**DATA SUPPLIED:**
"""

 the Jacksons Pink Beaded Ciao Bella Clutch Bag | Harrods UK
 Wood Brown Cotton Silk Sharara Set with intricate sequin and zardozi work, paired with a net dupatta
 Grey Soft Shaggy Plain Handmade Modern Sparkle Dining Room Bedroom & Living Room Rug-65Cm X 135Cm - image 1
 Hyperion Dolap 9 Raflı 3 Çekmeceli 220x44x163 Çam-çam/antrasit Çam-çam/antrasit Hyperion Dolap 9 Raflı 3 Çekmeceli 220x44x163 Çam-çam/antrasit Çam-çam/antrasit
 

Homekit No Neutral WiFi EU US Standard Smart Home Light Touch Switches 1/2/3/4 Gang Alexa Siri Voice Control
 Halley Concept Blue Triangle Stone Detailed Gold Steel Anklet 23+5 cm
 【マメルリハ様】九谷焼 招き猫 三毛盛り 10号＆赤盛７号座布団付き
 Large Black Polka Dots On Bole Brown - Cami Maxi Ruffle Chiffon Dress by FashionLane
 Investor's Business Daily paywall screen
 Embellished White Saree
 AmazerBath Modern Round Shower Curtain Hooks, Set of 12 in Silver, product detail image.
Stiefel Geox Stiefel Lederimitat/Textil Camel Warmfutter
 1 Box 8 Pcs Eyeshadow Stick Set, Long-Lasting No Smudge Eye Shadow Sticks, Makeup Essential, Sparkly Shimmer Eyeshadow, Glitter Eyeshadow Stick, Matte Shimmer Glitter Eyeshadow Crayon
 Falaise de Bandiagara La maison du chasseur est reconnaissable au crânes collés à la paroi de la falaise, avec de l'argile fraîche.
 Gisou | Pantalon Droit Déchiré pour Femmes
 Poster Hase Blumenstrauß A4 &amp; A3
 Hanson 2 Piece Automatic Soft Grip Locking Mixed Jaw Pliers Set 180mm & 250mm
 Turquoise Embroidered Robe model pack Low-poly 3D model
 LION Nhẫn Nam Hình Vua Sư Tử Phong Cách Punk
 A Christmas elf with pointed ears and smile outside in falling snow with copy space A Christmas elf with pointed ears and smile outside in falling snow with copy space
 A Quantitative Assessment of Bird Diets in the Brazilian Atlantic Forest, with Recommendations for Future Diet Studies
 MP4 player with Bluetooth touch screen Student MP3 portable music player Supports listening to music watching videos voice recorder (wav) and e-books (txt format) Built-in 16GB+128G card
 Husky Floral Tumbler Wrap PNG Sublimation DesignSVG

"""

**WHAT IS REQUIRED:**
Look above for the line with "Grey Soft Shaggy" and the line with "Stiefel Geox Stiefel". Retype those two lines and every line between them exactly, adding nothing.

**EXPECTED ANSWER:**
 Grey Soft Shaggy Plain Handmade Modern Sparkle Dining Room Bedroom & Living Room Rug-65Cm X 135Cm - image 1
 Hyperion Dolap 9 Raflı 3 Çekmeceli 220x44x163 Çam-çam/antrasit Çam-çam/antrasit Hyperion Dolap 9 Raflı 3 Çekmeceli 220x44x163 Çam-çam/antrasit Çam-çam/antrasit
 

Homekit No Neutral WiFi EU US Standard Smart Home Light Touch Switches 1/2/3/4 Gang Alexa Siri Voice Control
 Halley Concept Blue Triangle Stone Detailed Gold Steel Anklet 23+5 cm
 【マメルリハ様】九谷焼 招き猫 三毛盛り 10号＆赤盛７号座布団付き
 Large Black Polka Dots On Bole Brown - Cami Maxi Ruffle Chiffon Dress by FashionLane
 Investor's Business Daily paywall screen
 Embellished White Saree
 AmazerBath Modern Round Shower Curtain Hooks, Set of 12 in Silver, product detail image.
Stiefel Geox Stiefel Lederimitat/Textil Camel Warmfutter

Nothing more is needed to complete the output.